**AIM OF THE TASK**. Once you have read the records below, report how many lines contain the word "Blvd", and give nothing besides that number.

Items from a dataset
=====

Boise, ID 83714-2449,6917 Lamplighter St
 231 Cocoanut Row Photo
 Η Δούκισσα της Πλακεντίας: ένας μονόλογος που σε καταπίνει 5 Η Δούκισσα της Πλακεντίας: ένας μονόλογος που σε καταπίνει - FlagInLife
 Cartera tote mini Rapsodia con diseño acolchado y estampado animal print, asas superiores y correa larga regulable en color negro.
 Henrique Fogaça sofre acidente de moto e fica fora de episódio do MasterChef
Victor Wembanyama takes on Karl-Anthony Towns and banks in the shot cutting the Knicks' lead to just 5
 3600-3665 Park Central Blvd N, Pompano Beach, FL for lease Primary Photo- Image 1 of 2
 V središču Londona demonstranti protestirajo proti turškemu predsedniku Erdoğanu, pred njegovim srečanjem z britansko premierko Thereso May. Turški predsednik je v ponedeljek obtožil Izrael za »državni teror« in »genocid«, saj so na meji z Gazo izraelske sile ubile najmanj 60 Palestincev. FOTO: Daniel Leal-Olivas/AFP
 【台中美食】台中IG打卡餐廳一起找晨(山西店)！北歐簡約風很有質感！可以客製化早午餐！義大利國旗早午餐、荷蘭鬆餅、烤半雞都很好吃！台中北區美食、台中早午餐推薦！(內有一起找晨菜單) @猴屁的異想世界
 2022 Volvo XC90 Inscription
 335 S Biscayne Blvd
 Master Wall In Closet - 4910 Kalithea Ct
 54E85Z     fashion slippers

=====

**SOLUTION FOR THIS TASK**. 2